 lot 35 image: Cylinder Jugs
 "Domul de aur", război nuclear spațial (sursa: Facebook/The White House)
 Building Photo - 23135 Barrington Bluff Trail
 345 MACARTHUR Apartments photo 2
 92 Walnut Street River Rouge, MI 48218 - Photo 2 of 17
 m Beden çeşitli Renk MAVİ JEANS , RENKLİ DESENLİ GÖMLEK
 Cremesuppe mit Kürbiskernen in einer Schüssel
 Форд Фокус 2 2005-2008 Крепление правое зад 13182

■ ■ ■ ■

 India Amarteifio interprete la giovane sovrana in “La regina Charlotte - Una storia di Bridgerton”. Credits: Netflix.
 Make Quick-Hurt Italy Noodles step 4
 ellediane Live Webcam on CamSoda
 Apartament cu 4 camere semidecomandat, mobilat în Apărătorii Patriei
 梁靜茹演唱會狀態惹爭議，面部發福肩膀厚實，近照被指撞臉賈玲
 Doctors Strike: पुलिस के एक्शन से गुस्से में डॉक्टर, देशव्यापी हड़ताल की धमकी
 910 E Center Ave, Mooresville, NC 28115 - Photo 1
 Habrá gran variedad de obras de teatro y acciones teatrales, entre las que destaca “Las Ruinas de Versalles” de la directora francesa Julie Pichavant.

■ ■ ■ ■

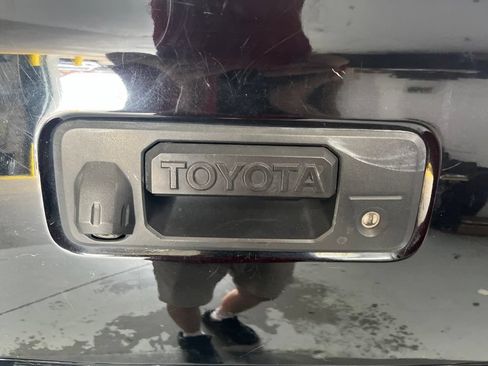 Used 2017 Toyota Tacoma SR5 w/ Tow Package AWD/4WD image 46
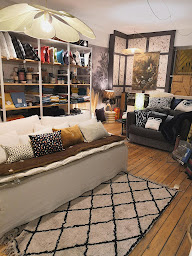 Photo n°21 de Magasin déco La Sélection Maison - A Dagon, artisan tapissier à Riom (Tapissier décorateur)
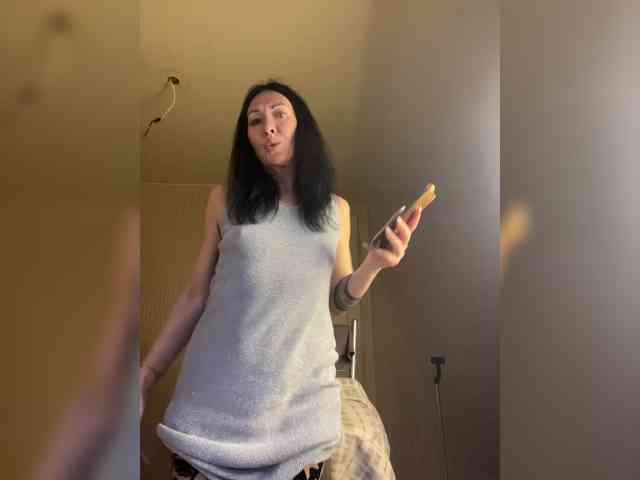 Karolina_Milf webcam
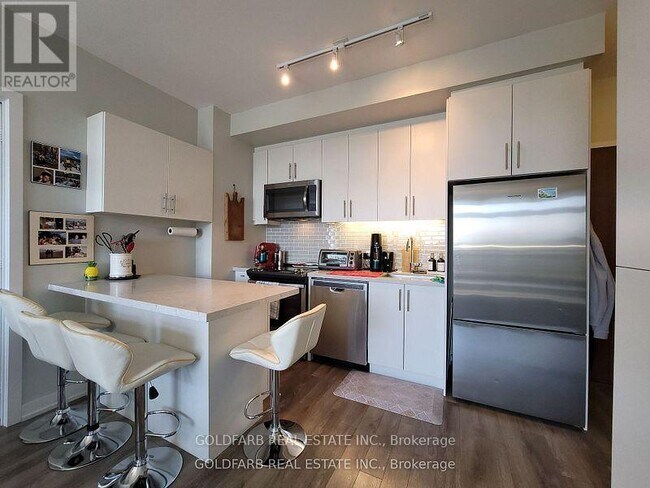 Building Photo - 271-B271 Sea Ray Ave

■ ■ ■ ■

Please copy, exactly and with nothing else, the lines above beginning at the line that has "Cremesuppe mit Kürbiskernen" and ending with the line that has "Форд Фокус 2".

 Cremesuppe mit Kürbiskernen in einer Schüssel
 Форд Фокус 2 2005-2008 Крепление правое зад 13182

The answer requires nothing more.